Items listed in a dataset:
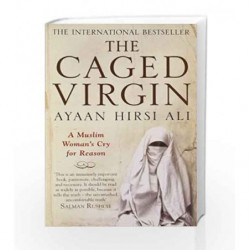 The Caged Virgin: A Muslim Woman's Cry for Reason by ALI AYAAN HIRSI Book-9781416526230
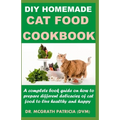 DIY Homemade Cat Food Cookbook: A complete book guide on how to prepare different homemade delicacies for cat to live healthy and happy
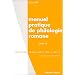 Manuel pratique de philologie romane, tome 2 : fran�ais, roumain, sarde, rh�to-frioulan, francoproven�al, dalmate. Phonologie.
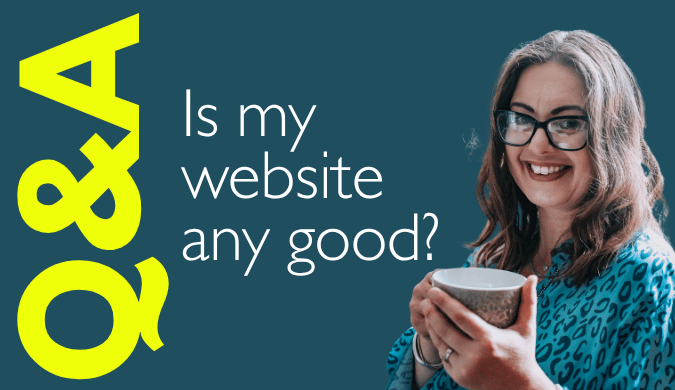 Is my website any good - a Q&A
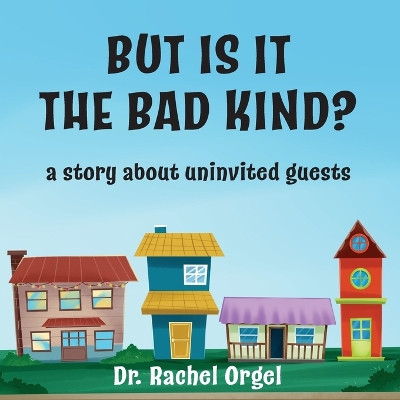 But Is It the Bad Kind?: A Story About Uninvited Guests by Rachel Orgel 9781956744354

* **WORK TO BE COMPLETED**:
Please output an exact repetition of the lines from the line containing "Is my website any good - a Q&A" to the end of the records, both included, with no pictures and no additional text.

* **OUTPUT BELOW**:
 Is my website any good - a Q&A
 But Is It the Bad Kind?: A Story About Uninvited Guests by Rachel Orgel 9781956744354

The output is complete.